-- Dataset entries --

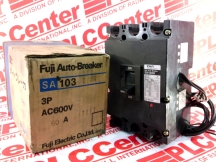 FUJI ELECTRIC SA103H/60-WK
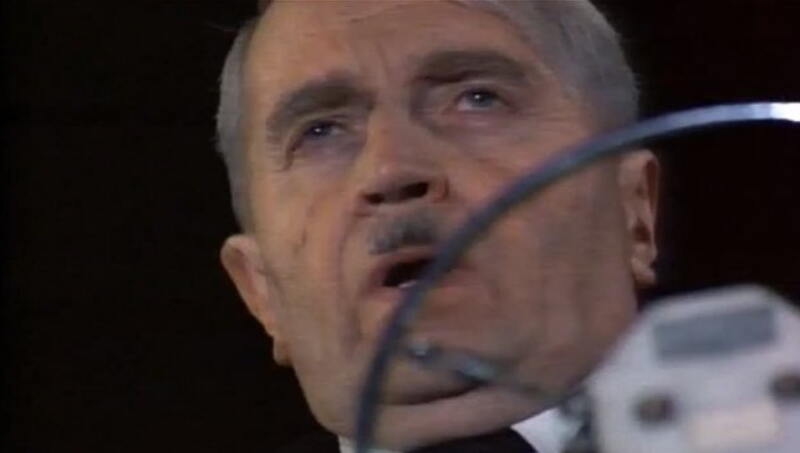Fatherland (1994) Screenshot 5
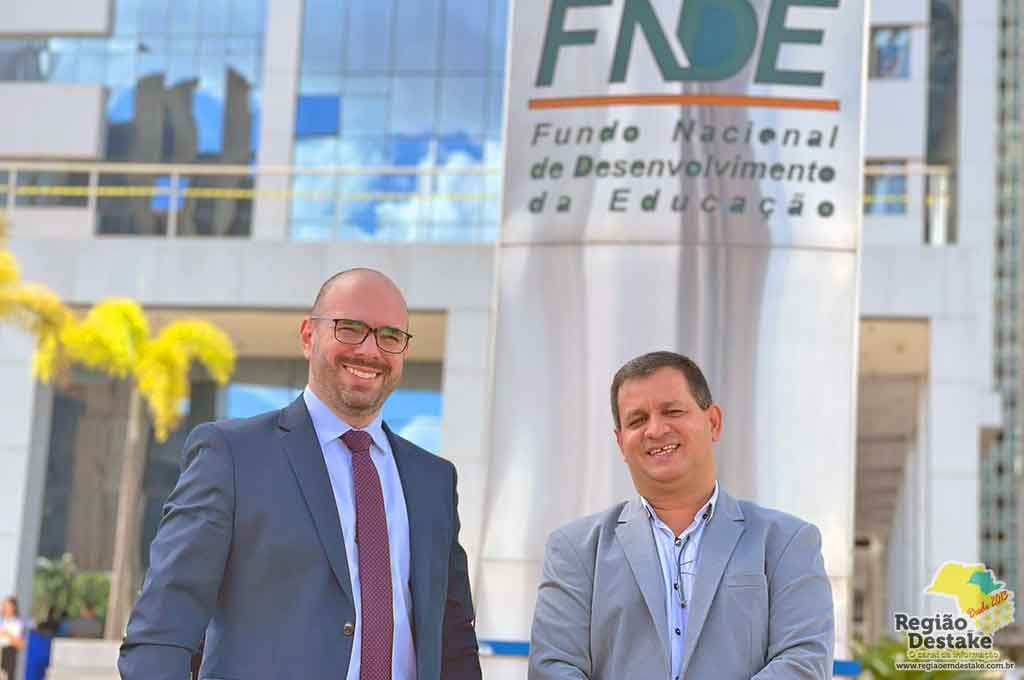 fnde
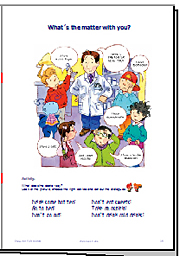 E4Kids® - Musterseite Kursmaterial 4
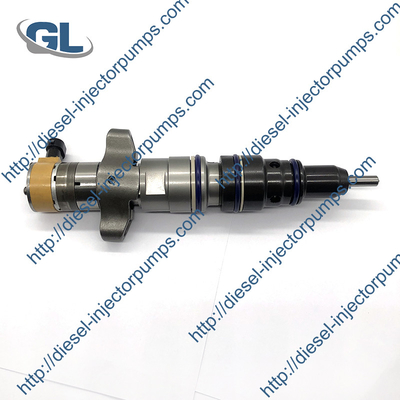 Injetor de combustível diesel de alta qualidade 242-0857 para motor Caterpillar HEUI CAT C9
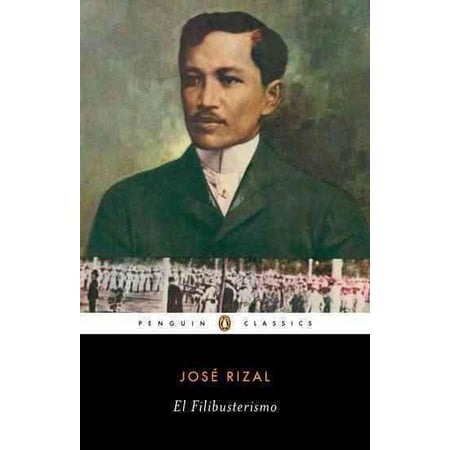 Pre-Owned El Filibusterismo (Paperback) 0143106392 9780143106395
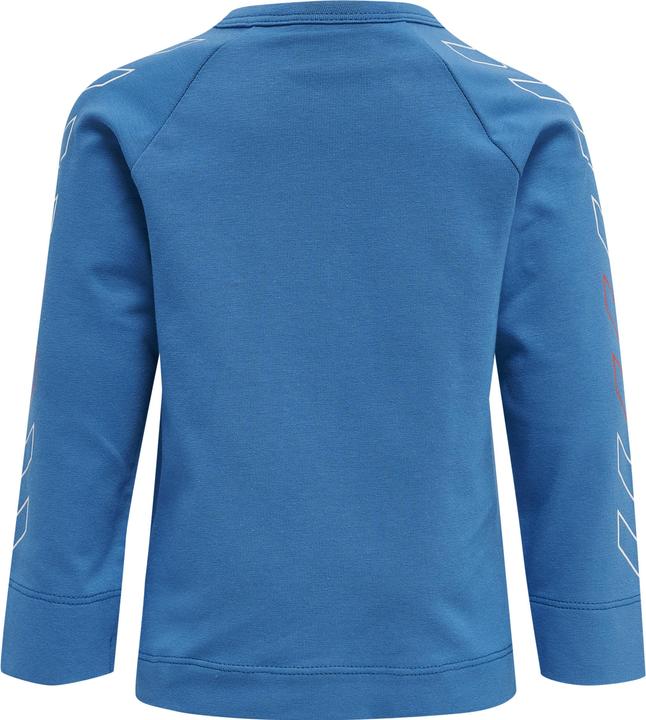 Produktbild hummel Hmlcody T-Shirt L/S (80)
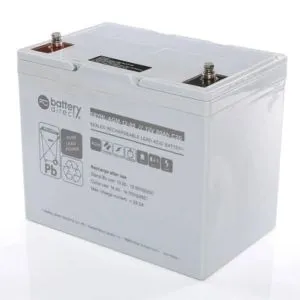 AGM Car Batteries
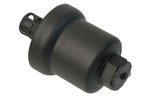 URO 06D115408B Engine Oil Filter Housing Cover - view 4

-- Instructions to follow --
What the task needs is the material above repeated exactly, pictures excepted.

-- Expected output --
 FUJI ELECTRIC SA103H/60-WK
Fatherland (1994) Screenshot 5
 fnde
 E4Kids® - Musterseite Kursmaterial 4
 Injetor de combustível diesel de alta qualidade 242-0857 para motor Caterpillar HEUI CAT C9
 Pre-Owned El Filibusterismo (Paperback) 0143106392 9780143106395
 Produktbild hummel Hmlcody T-Shirt L/S (80)
 AGM Car Batteries
 URO 06D115408B Engine Oil Filter Housing Cover - view 4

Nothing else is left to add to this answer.